QML screen smoke test (BUILT 2026-06-13 — main is gated on it)

File: tests/qml/tst_qml_screens.cpp · CTest name: tst_qml_screens · headless (offscreen).

What it guards. The C++ ctest suite never instantiates QML, so a screen that fails to load ("Cannot override FINAL property" → "Component is not ready") or that loads but degrades (binding TypeErrors, missing types, missing image providers, anchor-on-null) passes every C++ test yet is broken in the app. Exactly that reached main on 2026-06-13 (the Credits Page.contentWidth FINAL override + the id: top anchor-line collision — reference/fix-patterns.md). This test is the automated gate for that whole class; the standing workflow now requires it green before FF main.

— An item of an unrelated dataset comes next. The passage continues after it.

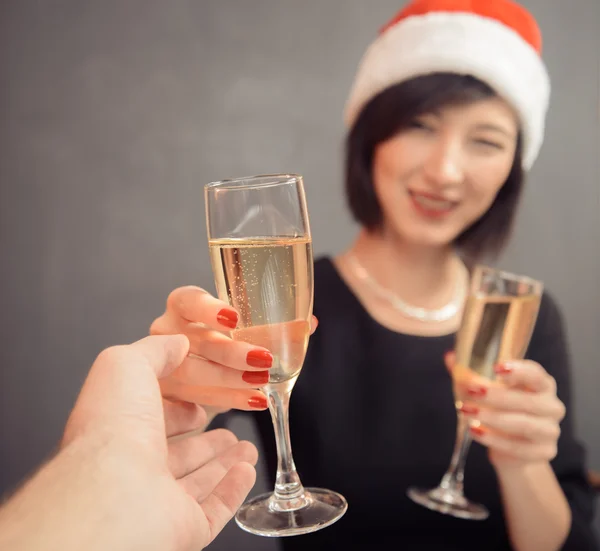 Glückliche Frau mit Champagner — Stockfoto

How it works. A data-driven QTEST_MAIN GUI test, one ctest row per screen, list taken straight from Router::loadScreens() (the authoritative registry — can't drift). Per screen it: builds a QQmlComponent for the qrc url; fails on any component.errors(); instantiates it into a sized parent via beginCreate/completeCreate (so anchors.fill: parent / parent.width resolve against a real non-null parent, as when the app pushes it onto its StackView); spins the event loop briefly so Component.onCompleted + deferred bindings run; then FAILS if any qWarning/qCritical/ qFatal was emitted during the load (captured via an installed qInstallMessageHandler).

Engine wiring mirrors MainWindow::injectIntoQML + setupProviders (keep in sync if that changes): brg context property (a real Bridge over the BaseSAV.sav fixture), the tileset + font image providers, DB::inst()->qmlProtect(engine) (GC guard), and bootQmlLinkage() for the full type registration. It compiles in app.qrc (so qrc:/ui/app/... resolves and the bundled qtquickcontrols2.conf auto-selects the Material style, same as the app) and the exe's own src/boot/bootQmlLinkage.cpp (one source of truth for QML type registration — not duplicated).

Why this approach (C++ QQmlComponent harness + message handler) over Qt Quick Test (qmltest): the goal is "load every screen, fail on ANY warning." That is a C++-level concern — intercepting the Qt message handler and treating QtWarningMsg/QtCriticalMsg as failures across a data-driven sweep — which a C++ harness expresses directly and uniformly. qmltest is built to write per-case QML assertions on properties; making "any warning anywhere = fail" awkward and per-case, and it has no clean hook to enumerate+instantiate the real screen registry with the app's exact engine wiring. We keep qmltest (tst_qml, tst_qml_brg) for the behavioural flow tests below, where asserting QML state from QML is the natural fit. Tradeoff accepted: the harness duplicates a few lines of engine setup that must track MainWindow (documented above).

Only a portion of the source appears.